_WHAT TO DO_
All of the data below should be printed again word for word, pictures excluded.

_INFORMATION PROVIDED_
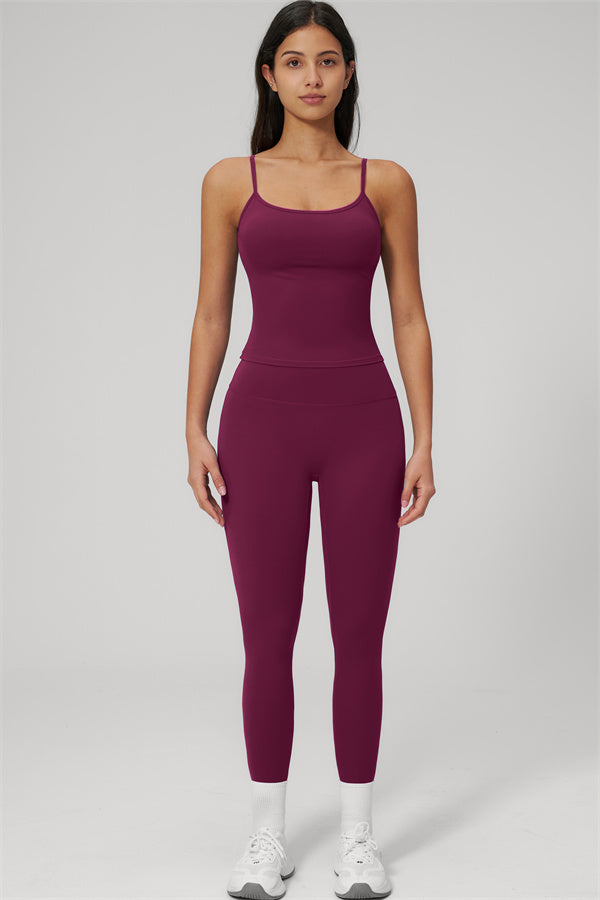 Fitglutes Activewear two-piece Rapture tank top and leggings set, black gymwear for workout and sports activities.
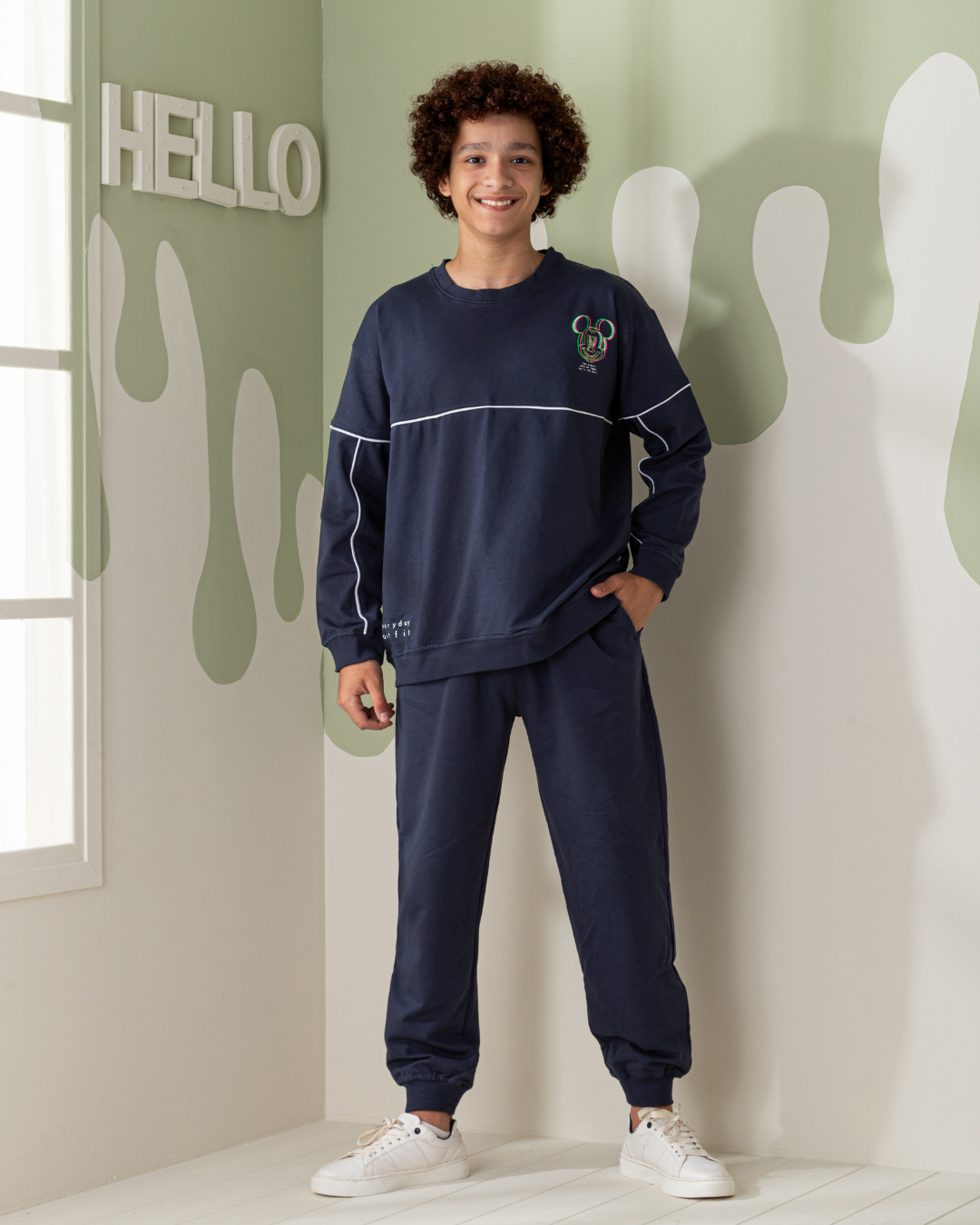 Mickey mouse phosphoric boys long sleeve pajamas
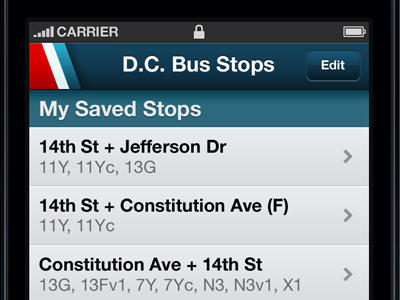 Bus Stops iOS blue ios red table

_REPLY TO THE TASK_
 Fitglutes Activewear two-piece Rapture tank top and leggings set, black gymwear for workout and sports activities.
 Mickey mouse phosphoric boys long sleeve pajamas
 Bus Stops iOS blue ios red table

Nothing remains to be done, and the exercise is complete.